New Orleans had a false sense of security. A new report by an independent review panel found that flaws in the manmade levee system were largely responsible for the breaches that caused deadly flooding in and around New Orleans following Hurricane Katrina.

As John Schwartz reported in yesterday's Times, three dozen engineers and disaster experts studied the region's hurricane protection system and found that the storm system had not been up to the task of protecting the city.

Raymond Seed, an engineering professor at the University of California at Berkeley and the lead author of the report, put it about as succinctly as anyone has in the nine months since Katrina made landfall. "People didn't die because the storm was bigger than the system could handle," Mr. Seed told reporters, "and people didn't die because the levees were overtopped. People died because mistakes were made and because safety was exchanged for efficiency and reduced cost."

I'm sorry, "mistakes were made" doesn't cut it. Who made them? How are they being held accountable? How many of the rest of us are at risk because "mistakes were made?"
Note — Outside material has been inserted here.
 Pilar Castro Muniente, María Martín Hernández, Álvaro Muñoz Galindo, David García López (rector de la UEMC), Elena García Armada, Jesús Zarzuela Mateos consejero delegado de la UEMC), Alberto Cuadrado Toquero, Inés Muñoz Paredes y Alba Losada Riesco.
Posted by Melanie at May 23, 2006 11:43 AM
Comments

The Dutch have dealt with this peril successfully, on a grand, even heroic, scale, year in and year out, for the better part of a century now.

Why can't we do the same? Or even half as well?

Posted by: Charles Roten on May 23, 2006 04:14 PM

Why can't we do the same?

Actually, the Dutch have explained the secret of their success: In Holland, the rich live down in the bottom land, just like everybody else. This has an amazing, positive effect on the ability of the dykes to stand and hold back the water.